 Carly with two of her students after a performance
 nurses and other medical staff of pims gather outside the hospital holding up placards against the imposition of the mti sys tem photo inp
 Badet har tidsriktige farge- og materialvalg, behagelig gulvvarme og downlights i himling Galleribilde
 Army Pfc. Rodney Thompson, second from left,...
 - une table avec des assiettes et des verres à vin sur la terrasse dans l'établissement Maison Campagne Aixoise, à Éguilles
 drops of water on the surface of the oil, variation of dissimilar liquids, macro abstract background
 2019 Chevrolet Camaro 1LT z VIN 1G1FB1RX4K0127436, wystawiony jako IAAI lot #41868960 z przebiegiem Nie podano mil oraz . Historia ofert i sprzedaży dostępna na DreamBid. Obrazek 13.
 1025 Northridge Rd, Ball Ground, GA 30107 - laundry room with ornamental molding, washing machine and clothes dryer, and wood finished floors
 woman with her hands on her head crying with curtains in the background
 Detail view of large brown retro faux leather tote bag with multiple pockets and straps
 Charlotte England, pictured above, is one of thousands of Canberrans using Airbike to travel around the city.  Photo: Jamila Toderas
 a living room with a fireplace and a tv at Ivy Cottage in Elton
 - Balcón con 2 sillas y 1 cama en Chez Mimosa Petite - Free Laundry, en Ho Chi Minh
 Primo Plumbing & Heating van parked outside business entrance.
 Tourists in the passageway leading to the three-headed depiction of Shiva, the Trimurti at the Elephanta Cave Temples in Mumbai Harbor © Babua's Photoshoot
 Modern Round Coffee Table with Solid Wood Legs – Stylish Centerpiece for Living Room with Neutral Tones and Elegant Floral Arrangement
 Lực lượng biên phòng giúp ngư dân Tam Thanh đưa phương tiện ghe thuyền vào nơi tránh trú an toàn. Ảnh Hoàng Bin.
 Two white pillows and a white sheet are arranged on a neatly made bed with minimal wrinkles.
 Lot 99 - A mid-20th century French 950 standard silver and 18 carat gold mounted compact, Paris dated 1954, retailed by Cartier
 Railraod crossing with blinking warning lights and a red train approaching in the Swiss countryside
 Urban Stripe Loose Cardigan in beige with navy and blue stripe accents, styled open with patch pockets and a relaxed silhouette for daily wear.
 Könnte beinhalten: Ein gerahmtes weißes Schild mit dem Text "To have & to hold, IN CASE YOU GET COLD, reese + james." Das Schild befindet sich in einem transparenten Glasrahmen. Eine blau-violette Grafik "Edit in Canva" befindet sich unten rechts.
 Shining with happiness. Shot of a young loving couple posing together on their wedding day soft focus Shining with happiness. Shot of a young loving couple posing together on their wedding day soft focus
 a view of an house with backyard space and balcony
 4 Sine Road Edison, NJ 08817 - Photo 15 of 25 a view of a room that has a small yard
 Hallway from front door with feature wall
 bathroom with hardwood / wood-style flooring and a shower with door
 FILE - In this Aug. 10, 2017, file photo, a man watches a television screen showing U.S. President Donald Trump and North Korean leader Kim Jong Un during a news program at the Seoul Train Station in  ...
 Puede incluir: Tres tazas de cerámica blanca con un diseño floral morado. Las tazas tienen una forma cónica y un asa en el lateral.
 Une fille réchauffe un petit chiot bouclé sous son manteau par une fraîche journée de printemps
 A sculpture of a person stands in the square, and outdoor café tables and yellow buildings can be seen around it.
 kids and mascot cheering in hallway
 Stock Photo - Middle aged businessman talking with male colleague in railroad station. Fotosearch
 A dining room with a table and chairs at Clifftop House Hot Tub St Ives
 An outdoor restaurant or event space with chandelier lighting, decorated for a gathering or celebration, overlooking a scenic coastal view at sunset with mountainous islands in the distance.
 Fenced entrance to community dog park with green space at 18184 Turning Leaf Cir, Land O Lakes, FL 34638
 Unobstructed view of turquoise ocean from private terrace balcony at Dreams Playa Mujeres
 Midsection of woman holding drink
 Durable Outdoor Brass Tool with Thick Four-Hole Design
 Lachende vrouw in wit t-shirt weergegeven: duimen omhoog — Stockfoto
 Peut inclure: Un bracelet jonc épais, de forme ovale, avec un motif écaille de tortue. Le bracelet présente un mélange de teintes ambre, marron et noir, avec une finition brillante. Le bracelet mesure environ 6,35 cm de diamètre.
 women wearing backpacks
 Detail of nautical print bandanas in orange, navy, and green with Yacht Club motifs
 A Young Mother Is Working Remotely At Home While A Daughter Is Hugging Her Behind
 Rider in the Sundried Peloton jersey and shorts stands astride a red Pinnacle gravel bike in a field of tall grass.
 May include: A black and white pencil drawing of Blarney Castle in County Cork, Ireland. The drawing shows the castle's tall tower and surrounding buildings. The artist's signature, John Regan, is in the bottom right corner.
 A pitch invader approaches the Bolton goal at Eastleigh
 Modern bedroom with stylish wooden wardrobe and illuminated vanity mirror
++++++++++++++++++++
- **Work task**:
Please copy each line from the material above in which the string "green" appears.

- **Result for this task**:
 Fenced entrance to community dog park with green space at 18184 Turning Leaf Cir, Land O Lakes, FL 34638
 Detail of nautical print bandanas in orange, navy, and green with Yacht Club motifs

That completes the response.